Beng Rahadian adalah seniman komik lulusan Komunikasi Visual Institut Seni Indonesia (ISI) Jogjakarta. Karya komik stripnya dimuat dalam Koran Tempo mingguan. Ia juga merupakan editor tamu dan seniman dalam komik di banyak majalah. Pada tahun 2009 ini, Beng (melalui Cendana Art Media) menerbitkan kompilasi komik stripnya dalam jilid berjudul Lotif Versi Pasbook yang mengombinasikan diri dengan fenomena jejaring paling hip yakni Facebook. Tampilan halaman demi halaman menjadi semarak karena terhidang dalam format ala Facebook (FB) Page, dengan komentar berupa Like This sejak mula, foto-foto kontak, dan kotak-kotak yang merupakan ciri khas tampilan FB. Karya Beng menjadi salah satu komik yang digemari Clément. “ Beng Rahadian memiliki gaya yang sangat bagus dan sangat impresif.”

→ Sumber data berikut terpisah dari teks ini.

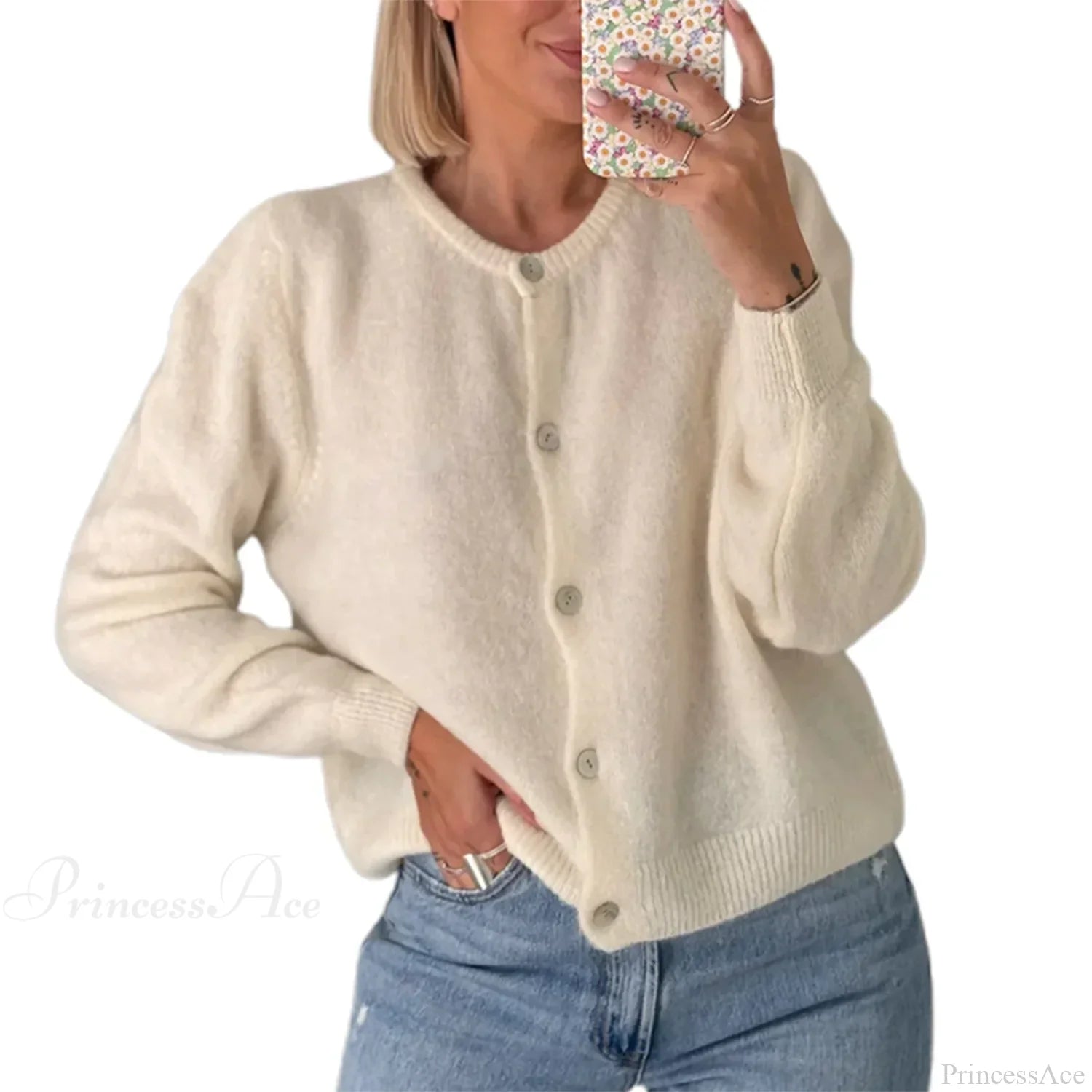 Solid O-neck Cropped Knitted Cardigan beige / S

Bentuk workshop Dalam workshop yang diadakan CCF ini memang lebih bersifat saling tukar pikiran, pengalaman, dan ilmu, ketimbang sebuah pelatihan.


”Saya senang bisa bekerjasama dengan Akademi Samali. Bersama para seniman ini, kita jadi sama-sama bisa melihat potensi masing-masing. Apalagi komik Indonesia sangat menjanjikan, hanya belum terpublikasi dengan baik.”